We often imagine space travel as the illustrious final frontier – and for good reason.

From down here, the thought of testing those limits feels borderline impossible. However, that doesn’t change the reality of those aspirations for the companies working on making it a reality.

There are a host of complications stopping mankind from civilizing the Moon, Mars, or any other constellation.

While those are hindrances, they are not insurmountable. Of course, like any other venture being undertaken by startups, trial and error is inherent to the process.

So, the presence of partnerships in the space (no pun intended) only helps further the possibility of achieving those goals.

One such startup, Astrolabs, announced a partnership with industry leader SpaceX to carry its proprietary rovers to the Moon’s surface as soon as 2026.

“We want to be the UPS, FedEx, and the Uber of the Moon,” Astrolabs founder and CEO Jaret Matthews said in an interview with SpaceNews.

The company hopes it will allow for transportation to become an afterthought on different planets – though the fine details remain somewhat obscured.

That said, this announcement underscores the industry bubbling beneath the surface of space exploration – logistics.

If humans are ever going to reach the point of living on other planets, it will require infrastructure that not only is nonexistent currently, but the means of its implementation are similarly beyond our reach.

One of the biggest reasons for this is the sheer cost of space travel.

Today, to transport a single pound of payload into orbit, it costs thousands of dollars. This is because current techniques used to launch rockets require a lot of propellant to get there.

For example, to fly from North America to Europe, customers typically pay between $3-$6 per pound of their body. For space launches, the cost explodes to $10,000 per pound, illustrating the intense chasm that exists.

So, for Astrolabs, the ability to hitch a ride with SpaceX to deploy its technology is a surefire boon to the company’s prospects.

However, it also underscores the potential value for a startup that can devise a means of transportation that lowers the cost.

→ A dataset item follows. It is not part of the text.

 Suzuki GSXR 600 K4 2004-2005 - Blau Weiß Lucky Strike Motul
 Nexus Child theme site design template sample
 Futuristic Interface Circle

One startup devising just such a thing is Wave Motion, which we featured to A+E subscribers last year.

Given the aforementioned need for propellant, roughly 90% of a rocket’s payload is reserved for fuel. Ultimately, only 3-4% of its initial weight reaches the final destination.

One can imagine the complications this presents when discussing the prospect of infrastructure in space.

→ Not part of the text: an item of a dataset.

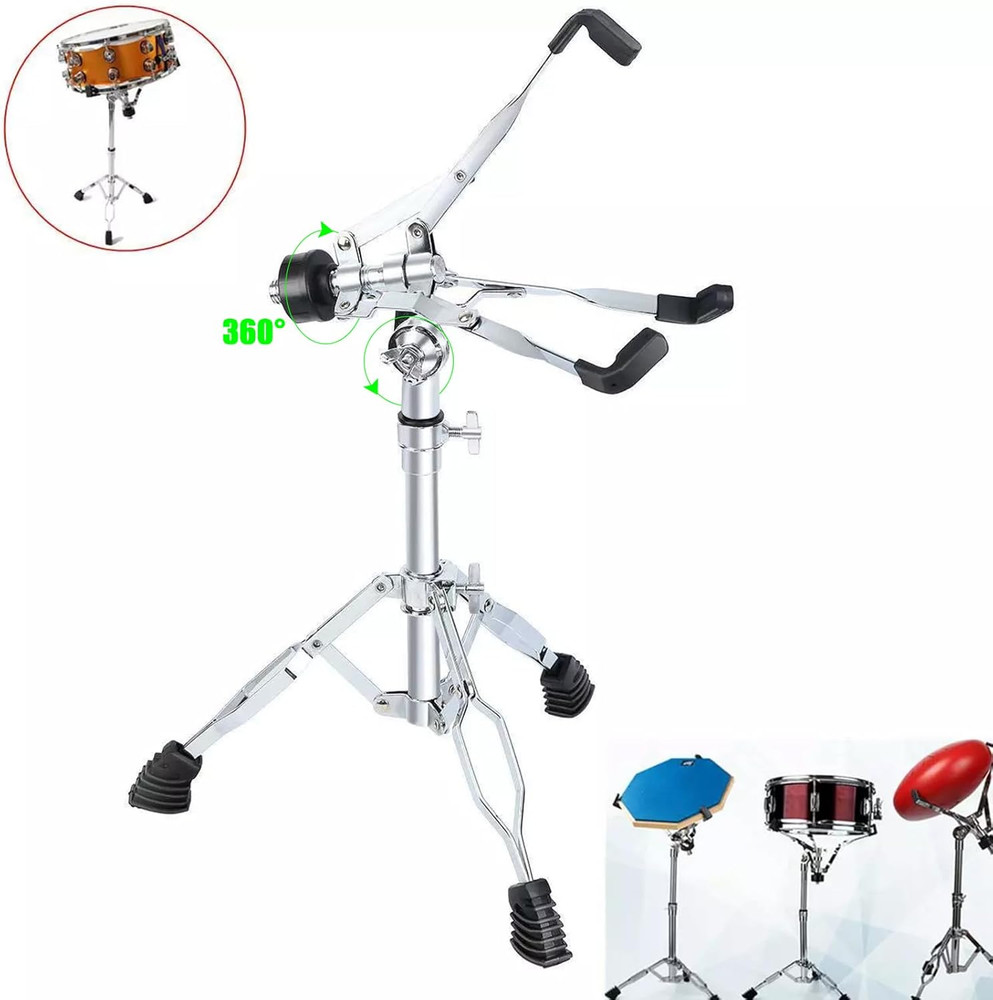 Lightweight Snare Drum Stand Triangle Bracket Double Braced Holder 14.2’’-19.7’’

Well, Wave Motion’s patent-protected technology propels payloads at more than 1,000X the acceleration of fighter jets. As a result, it can send payloads to orbital velocity using an overwhelmingly smaller amount of propellent – thereby opening new doors in the world of space exploration.

For what it’s worth, Wave Motion is still accepting investment into its current Reg CF campaign.

And while so many are fixated on the concept of transporting humans to space, Astrolabs and Wave Motion serve as a reminder of the disparate opportunities that exist in the universe where we, well, leave this world.

We will certainly be watching this sector closely.